Task material:
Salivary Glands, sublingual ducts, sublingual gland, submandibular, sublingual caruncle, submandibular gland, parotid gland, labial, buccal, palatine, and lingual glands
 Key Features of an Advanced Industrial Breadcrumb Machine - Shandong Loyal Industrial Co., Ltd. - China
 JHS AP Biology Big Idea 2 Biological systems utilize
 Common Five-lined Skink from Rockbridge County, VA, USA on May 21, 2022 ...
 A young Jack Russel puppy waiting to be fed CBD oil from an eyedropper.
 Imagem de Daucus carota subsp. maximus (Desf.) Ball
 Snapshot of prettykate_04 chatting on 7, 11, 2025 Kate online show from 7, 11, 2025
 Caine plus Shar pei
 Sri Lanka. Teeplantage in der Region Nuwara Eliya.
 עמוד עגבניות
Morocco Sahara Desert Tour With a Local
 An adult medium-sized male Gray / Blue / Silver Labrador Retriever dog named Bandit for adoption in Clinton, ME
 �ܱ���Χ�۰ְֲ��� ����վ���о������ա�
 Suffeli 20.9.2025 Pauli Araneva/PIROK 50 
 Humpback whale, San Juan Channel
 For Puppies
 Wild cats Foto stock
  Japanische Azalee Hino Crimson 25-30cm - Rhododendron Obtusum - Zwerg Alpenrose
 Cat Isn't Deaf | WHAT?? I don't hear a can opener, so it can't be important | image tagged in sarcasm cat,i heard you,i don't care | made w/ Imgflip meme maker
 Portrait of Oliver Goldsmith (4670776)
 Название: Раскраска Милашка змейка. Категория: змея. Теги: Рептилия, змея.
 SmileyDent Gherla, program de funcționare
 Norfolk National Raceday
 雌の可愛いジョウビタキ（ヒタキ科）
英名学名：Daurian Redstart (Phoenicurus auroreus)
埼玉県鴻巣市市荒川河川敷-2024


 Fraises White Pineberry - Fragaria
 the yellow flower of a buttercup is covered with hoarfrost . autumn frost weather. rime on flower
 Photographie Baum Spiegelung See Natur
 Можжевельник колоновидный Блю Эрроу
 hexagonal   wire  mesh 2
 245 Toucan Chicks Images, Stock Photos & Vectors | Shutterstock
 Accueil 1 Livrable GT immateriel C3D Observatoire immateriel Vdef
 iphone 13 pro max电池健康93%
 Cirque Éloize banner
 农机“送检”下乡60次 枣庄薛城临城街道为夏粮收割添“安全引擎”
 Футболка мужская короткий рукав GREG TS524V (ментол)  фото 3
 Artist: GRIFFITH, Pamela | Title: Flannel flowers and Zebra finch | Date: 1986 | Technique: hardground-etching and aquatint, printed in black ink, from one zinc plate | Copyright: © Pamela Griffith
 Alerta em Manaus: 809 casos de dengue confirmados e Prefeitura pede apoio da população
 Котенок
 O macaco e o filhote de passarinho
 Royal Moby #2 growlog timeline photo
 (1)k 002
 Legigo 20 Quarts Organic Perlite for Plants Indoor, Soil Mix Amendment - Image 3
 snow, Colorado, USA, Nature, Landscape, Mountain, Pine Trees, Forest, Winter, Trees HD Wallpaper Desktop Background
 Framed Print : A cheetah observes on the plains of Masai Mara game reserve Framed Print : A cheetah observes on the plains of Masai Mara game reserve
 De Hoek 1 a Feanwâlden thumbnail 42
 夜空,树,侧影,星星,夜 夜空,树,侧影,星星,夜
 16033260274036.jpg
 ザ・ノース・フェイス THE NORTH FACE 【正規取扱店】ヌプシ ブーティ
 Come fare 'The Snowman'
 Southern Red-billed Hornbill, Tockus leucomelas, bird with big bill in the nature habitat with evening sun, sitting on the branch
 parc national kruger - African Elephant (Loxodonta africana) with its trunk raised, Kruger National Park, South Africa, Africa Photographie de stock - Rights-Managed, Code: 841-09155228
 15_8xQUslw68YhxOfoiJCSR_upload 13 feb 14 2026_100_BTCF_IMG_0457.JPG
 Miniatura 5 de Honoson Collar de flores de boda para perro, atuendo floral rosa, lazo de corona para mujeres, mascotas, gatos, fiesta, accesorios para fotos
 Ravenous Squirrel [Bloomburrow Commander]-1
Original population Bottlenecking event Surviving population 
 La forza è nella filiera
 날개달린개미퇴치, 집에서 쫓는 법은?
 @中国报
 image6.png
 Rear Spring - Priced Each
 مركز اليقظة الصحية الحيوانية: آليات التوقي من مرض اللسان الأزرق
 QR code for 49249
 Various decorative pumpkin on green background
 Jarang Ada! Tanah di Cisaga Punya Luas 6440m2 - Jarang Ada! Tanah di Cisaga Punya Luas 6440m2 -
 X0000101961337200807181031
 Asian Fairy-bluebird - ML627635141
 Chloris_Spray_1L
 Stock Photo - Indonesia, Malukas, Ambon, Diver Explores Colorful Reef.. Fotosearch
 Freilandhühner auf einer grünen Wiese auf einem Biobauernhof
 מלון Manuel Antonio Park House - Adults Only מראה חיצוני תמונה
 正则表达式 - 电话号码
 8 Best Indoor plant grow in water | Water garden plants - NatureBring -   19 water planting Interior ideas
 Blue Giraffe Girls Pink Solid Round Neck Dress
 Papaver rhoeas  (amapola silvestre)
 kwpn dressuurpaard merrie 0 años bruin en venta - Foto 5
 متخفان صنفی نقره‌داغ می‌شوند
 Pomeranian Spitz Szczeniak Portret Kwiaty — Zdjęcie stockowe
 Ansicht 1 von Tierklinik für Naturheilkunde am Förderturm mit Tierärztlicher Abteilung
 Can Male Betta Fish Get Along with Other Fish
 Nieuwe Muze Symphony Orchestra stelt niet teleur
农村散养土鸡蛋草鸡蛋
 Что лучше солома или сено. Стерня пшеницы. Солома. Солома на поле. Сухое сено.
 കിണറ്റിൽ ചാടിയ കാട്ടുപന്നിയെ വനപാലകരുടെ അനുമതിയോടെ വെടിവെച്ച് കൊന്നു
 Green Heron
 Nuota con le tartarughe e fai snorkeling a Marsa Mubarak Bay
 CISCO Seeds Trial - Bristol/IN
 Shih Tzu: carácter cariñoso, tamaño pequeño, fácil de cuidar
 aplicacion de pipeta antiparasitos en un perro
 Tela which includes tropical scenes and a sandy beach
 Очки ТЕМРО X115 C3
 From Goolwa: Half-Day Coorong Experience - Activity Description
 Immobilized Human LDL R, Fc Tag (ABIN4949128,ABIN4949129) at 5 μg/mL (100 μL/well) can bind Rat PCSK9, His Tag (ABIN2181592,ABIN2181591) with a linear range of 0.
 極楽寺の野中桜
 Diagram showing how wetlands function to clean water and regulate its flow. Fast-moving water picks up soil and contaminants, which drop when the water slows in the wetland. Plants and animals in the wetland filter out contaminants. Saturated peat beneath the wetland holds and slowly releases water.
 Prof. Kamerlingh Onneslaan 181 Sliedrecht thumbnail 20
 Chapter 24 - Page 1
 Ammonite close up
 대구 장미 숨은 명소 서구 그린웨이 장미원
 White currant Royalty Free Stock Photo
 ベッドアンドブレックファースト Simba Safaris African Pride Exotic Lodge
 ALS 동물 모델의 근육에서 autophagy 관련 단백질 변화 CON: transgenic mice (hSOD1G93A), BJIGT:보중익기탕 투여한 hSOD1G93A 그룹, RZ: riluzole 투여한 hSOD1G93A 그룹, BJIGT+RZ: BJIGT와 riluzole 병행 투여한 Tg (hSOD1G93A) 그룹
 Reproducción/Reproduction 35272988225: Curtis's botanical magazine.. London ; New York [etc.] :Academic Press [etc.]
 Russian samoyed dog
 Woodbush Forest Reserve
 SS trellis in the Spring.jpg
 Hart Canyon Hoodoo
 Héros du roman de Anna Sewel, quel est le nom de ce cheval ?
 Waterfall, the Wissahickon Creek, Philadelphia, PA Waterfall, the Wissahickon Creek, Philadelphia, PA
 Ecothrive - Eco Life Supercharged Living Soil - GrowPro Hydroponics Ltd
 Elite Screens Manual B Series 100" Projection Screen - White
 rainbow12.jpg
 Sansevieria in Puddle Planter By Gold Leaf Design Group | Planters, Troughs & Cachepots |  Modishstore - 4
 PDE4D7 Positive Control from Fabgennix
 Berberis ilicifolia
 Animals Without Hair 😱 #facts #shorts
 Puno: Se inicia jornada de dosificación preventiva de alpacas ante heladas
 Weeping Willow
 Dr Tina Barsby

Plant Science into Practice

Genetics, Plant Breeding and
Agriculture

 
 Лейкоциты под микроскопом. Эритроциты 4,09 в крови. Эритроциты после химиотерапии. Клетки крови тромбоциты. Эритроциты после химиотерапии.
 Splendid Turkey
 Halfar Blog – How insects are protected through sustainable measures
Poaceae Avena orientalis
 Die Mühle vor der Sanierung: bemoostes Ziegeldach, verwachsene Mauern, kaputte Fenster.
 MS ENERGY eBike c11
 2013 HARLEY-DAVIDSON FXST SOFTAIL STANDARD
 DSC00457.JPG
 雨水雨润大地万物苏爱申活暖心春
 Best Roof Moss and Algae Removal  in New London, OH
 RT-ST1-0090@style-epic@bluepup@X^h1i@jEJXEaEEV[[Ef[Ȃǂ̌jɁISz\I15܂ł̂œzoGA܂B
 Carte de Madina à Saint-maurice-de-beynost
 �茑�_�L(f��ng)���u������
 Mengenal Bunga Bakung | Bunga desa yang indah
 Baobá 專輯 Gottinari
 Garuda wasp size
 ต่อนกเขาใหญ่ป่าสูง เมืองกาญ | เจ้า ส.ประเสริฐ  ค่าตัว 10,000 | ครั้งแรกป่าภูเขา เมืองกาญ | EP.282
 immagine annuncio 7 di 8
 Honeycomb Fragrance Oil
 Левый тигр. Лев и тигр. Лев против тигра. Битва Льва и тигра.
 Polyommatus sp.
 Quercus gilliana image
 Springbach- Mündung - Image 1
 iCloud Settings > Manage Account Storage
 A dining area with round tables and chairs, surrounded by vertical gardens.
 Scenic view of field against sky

Your assignment:
Out of the data above, give again only the lines starting at the one holding "MS ENERGY eBike c11" and ending at the one holding "Carte de Madina à Saint-maurice-de-beynost", unchanged.

Result of the task:
 MS ENERGY eBike c11
 2013 HARLEY-DAVIDSON FXST SOFTAIL STANDARD
 DSC00457.JPG
 雨水雨润大地万物苏爱申活暖心春
 Best Roof Moss and Algae Removal  in New London, OH
 RT-ST1-0090@style-epic@bluepup@X^h1i@jEJXEaEEV[[Ef[Ȃǂ̌jɁISz\I15܂ł̂œzoGA܂B
 Carte de Madina à Saint-maurice-de-beynost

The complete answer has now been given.